In-planta CO2 dynamics define the pathway for carbon accumulation which in turn determines plant growth and production (McCarthy et al. 2010). An assimilation rate curve plotted versus intercellular CO2 concentration can reveal numerous insights into the biochemistry of a leaf or plant. For instance, a ZmSWEET7-mediated increase in stomatal conductance, which regulates gas exchange (CO2 and water), can allow maize to increase their CO2 uptake and subsequently enhance photosynthesis, while its negative correlation with Ci and A could be a strategy of increased CO2 and water use efficiency under saline conditions as evidenced by higher intracellular CO2 and assimilation rate and lower transpiration rate, respectively. The photosynthetic quantum yield efficiency is a crucial but seldom measured biophysical quantity which estimates both net carbon intake and net oxygen evolution concurrently (Du et al. 2018). The high correlation between phiCO2 and dry matter accumulation and sugar in mutants indicates that SWEET mediates carbon accumulation via increased efficiency of CO2 fixation per unit of supplied CO2. There have not been many maize studies that explicitly relate PSII with phiCO2. The positive association between phiCO2 and PSII, on the other hand, supports Edwards et al.’s (1993) claim that, across a wide variety of environmental conditions, fluorescence characteristics may be employed to predict accurately and rapidly CO2 assimilation rates in maize.

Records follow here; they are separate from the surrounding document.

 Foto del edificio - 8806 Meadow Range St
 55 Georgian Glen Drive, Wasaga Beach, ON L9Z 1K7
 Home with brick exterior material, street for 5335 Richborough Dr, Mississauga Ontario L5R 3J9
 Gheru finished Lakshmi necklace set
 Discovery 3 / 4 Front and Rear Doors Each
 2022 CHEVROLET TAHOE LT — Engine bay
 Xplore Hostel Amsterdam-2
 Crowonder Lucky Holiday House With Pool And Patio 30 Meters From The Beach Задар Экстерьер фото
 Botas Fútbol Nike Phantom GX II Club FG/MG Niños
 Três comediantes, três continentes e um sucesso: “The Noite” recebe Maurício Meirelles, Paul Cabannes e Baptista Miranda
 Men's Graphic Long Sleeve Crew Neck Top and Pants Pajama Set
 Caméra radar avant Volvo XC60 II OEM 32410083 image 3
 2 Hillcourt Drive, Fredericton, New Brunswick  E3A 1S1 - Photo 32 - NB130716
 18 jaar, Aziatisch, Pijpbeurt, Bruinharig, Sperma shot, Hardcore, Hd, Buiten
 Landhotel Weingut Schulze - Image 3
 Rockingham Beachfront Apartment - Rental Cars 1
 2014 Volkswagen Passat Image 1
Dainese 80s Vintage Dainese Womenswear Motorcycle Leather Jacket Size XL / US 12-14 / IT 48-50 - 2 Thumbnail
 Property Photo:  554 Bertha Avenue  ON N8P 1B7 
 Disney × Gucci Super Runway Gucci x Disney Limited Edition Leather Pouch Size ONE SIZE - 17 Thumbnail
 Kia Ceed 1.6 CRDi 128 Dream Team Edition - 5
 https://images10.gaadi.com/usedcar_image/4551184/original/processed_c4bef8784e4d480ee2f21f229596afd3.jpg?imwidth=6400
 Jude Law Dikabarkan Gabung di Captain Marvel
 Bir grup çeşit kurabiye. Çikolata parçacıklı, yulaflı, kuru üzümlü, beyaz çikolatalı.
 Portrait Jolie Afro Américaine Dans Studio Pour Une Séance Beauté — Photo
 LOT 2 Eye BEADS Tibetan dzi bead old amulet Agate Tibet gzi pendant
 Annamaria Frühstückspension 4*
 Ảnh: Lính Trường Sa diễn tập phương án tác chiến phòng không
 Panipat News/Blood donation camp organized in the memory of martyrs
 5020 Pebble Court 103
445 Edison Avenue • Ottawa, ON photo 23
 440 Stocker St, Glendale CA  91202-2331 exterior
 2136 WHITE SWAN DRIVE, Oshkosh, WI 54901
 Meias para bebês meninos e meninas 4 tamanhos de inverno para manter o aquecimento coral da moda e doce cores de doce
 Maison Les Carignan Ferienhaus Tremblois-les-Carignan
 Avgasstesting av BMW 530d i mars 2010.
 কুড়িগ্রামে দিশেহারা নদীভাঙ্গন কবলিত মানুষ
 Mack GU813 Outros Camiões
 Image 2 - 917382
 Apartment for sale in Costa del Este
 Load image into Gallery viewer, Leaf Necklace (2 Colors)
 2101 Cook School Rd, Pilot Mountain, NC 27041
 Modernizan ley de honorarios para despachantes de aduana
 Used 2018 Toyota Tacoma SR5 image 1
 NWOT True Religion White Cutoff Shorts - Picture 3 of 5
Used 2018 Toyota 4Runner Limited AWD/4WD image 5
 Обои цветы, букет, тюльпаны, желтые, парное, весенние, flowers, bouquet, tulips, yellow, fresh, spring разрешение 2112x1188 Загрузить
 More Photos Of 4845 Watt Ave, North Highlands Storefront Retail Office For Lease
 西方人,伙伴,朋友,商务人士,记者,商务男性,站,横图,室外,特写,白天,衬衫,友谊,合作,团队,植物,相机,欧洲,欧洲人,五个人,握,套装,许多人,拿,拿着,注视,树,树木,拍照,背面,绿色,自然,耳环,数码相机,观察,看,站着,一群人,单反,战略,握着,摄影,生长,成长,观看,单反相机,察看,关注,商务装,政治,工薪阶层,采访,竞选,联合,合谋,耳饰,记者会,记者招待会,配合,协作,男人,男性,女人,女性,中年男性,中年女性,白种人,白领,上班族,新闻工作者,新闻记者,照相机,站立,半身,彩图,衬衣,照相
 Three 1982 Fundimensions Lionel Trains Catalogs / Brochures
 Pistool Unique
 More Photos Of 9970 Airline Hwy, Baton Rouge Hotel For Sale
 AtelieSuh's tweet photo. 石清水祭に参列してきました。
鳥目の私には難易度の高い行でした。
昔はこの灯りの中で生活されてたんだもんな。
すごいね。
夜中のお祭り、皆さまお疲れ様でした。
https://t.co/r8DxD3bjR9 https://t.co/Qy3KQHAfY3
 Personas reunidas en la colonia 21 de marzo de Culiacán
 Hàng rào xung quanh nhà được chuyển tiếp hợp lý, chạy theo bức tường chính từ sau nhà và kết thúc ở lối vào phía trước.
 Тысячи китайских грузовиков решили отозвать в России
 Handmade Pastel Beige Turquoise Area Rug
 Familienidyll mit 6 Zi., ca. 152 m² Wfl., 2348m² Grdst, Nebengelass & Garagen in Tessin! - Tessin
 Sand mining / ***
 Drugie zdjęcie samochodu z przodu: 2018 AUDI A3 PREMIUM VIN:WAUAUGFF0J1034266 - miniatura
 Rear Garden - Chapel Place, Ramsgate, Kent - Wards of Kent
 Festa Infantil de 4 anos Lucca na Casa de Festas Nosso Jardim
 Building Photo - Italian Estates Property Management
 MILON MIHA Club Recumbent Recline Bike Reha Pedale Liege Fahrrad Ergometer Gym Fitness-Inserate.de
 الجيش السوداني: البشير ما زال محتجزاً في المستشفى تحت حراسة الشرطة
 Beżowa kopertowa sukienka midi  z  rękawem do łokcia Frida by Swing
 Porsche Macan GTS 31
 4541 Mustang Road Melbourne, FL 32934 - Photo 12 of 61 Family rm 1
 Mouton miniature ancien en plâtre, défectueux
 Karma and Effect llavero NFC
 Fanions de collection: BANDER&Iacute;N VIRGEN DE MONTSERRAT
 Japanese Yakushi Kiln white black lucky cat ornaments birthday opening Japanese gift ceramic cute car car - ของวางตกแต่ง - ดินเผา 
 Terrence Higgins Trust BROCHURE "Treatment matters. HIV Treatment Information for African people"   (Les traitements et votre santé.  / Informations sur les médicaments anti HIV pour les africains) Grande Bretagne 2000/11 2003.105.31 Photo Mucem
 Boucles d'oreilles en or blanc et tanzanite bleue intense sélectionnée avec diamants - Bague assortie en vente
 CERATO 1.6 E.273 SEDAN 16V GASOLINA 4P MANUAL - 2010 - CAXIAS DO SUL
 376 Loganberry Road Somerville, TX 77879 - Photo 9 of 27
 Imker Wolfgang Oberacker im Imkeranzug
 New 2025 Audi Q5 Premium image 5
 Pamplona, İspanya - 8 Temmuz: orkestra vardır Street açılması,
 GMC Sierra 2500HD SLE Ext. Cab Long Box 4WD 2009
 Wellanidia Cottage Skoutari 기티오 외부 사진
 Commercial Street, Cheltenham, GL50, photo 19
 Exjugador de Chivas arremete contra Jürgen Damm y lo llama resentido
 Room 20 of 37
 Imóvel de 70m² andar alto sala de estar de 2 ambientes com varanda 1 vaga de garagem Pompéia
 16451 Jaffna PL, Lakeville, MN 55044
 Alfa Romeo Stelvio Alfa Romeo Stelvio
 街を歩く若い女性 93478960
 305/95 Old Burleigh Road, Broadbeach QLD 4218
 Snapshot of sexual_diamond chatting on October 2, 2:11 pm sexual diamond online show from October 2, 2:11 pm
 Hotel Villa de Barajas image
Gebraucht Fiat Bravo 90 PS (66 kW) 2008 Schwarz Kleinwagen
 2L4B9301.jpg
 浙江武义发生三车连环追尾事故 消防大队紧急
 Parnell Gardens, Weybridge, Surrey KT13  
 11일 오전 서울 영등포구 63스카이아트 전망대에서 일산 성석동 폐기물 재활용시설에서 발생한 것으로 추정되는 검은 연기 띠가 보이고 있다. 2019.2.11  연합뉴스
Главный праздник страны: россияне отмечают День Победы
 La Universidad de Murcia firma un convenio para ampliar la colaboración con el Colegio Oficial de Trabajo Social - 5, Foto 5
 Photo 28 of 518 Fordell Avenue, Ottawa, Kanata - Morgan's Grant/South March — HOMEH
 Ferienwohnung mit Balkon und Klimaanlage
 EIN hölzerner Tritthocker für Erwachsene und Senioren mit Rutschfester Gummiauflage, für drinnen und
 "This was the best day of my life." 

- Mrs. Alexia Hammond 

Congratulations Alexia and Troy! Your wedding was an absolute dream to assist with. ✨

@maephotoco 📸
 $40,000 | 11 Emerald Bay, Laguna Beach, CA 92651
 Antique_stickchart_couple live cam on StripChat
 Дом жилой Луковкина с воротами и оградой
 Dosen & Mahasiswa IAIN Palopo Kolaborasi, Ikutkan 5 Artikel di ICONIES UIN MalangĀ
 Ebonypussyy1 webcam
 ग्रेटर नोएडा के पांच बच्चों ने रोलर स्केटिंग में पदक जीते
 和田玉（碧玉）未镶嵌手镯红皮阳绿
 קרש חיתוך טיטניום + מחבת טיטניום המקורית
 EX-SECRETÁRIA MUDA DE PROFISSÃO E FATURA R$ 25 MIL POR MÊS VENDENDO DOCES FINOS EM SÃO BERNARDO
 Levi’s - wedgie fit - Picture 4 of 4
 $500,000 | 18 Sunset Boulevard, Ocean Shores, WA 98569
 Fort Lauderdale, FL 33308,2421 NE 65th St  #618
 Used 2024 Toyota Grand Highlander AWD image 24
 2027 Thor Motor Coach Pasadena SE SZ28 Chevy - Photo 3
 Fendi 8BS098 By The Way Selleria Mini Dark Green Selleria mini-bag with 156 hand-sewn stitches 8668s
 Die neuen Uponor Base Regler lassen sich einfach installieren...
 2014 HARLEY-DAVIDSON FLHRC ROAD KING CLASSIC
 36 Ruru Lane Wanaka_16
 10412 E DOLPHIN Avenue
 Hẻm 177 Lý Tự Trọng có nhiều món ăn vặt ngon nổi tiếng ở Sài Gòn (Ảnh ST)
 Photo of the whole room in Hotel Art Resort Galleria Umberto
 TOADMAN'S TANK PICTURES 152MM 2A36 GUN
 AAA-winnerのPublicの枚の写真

In conclusion, through a genome-wide analysis, we discovered 19 SWEET genes in maize and analyzed their chemical structure, chromosomal distribution, phylogeny, and promoter regions. To validate the work, we conducted a molecular stress physiology experiment which indicated that the 19 genes are expressed differentially in various phenotypes of agronomic interest, while 11 are salt inducible. Among the salt-inducible genes, ZmSWEET7 is the most upregulated in the high-sugar variety and its homologous overexpression in low-sugar variety enhanced the phiCO2 which is positively associated with DW and soluble sugar accumulation and FV/FM under saline conditions. Although dry matter and total sugar are quantitative traits controlled by multiple genes, this study provides insights into the potential role of ZmSWEET7 in these important carbon dynamics under saline conditions especially via phiCO2. To understand the specific transcriptional role of this gene, complete knock-out studies using genome editing will be needed.